Reload launches Epic to bring shared memory and structure to AI agents
The start-up says AI agents now work like teammates, prompting the creation of Epic, a tool that preserves system context across coding environments.
Founders of the Reload platform say AI is moving from simple automation toward something closer to teamwork.
Newton Asare and Kiran Das noticed that AI agents were completing tasks normally handled by employees, which pushed them to design a system that treats digital workers as part of a company’s structure instead of disposable tools.
Their platform, Reload, offers a way for organisations to manage these agents across departments, assign responsibilities and monitor performance. The firm has secured 2.275 million dollars in new funding led by Anthemis with several other investors joining the round.
The shift toward agent-driven development exposed a recurring limitation. Most agents retain only short-term memory, which means they often lose context about a product or forget why a task matters.
Reload’s answer is Epic, a new product built on its platform that acts as an architect alongside coding agents. Epic defines requirements and constraints at the start of a project, then continuously preserves the shared understanding that agents need as software evolves.
Epic integrates with popular AI-assisted code editors such as Cursor and Windsurf, allowing developers to keep a consistent system memory without changing their workflow.

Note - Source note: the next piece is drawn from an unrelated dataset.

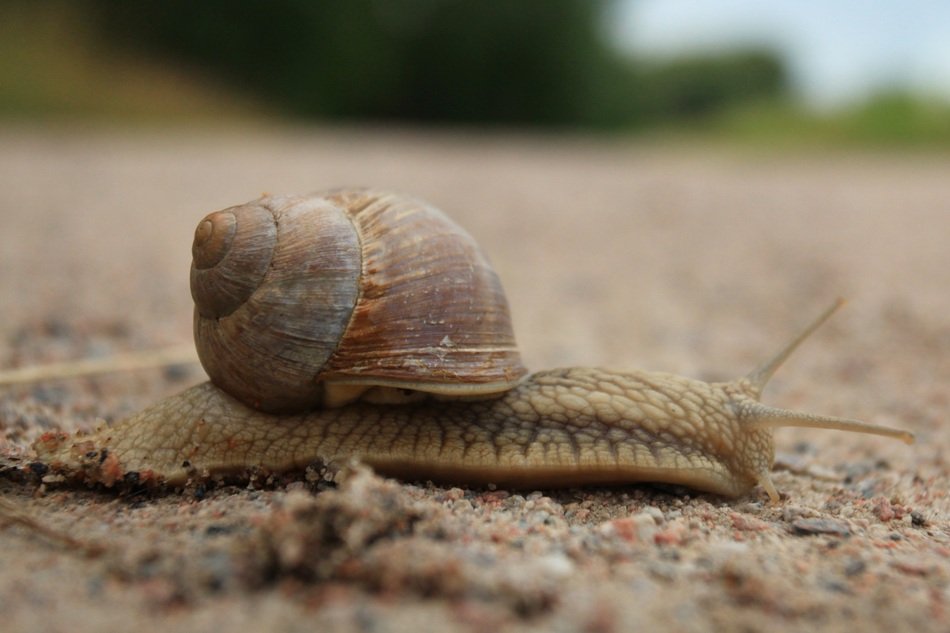 snail on the road on a blurred background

The tool generates key project artefacts from the outset, including data models and technical decisions, then carries them forward even when teams switch agents. It creates a single source of truth so that engineers and digital workers develop against the same structure.
Competing systems such as LongChain and CrewAI also offer support for managing agents, but Reload argues that Epic’s ability to maintain project-level context sets it apart.
Asare and Das, who already built and sold a previous company together, plan to use the fresh capital to grow their team and expand the infrastructure needed for a future in which human workers manage AI employees instead of the other way around.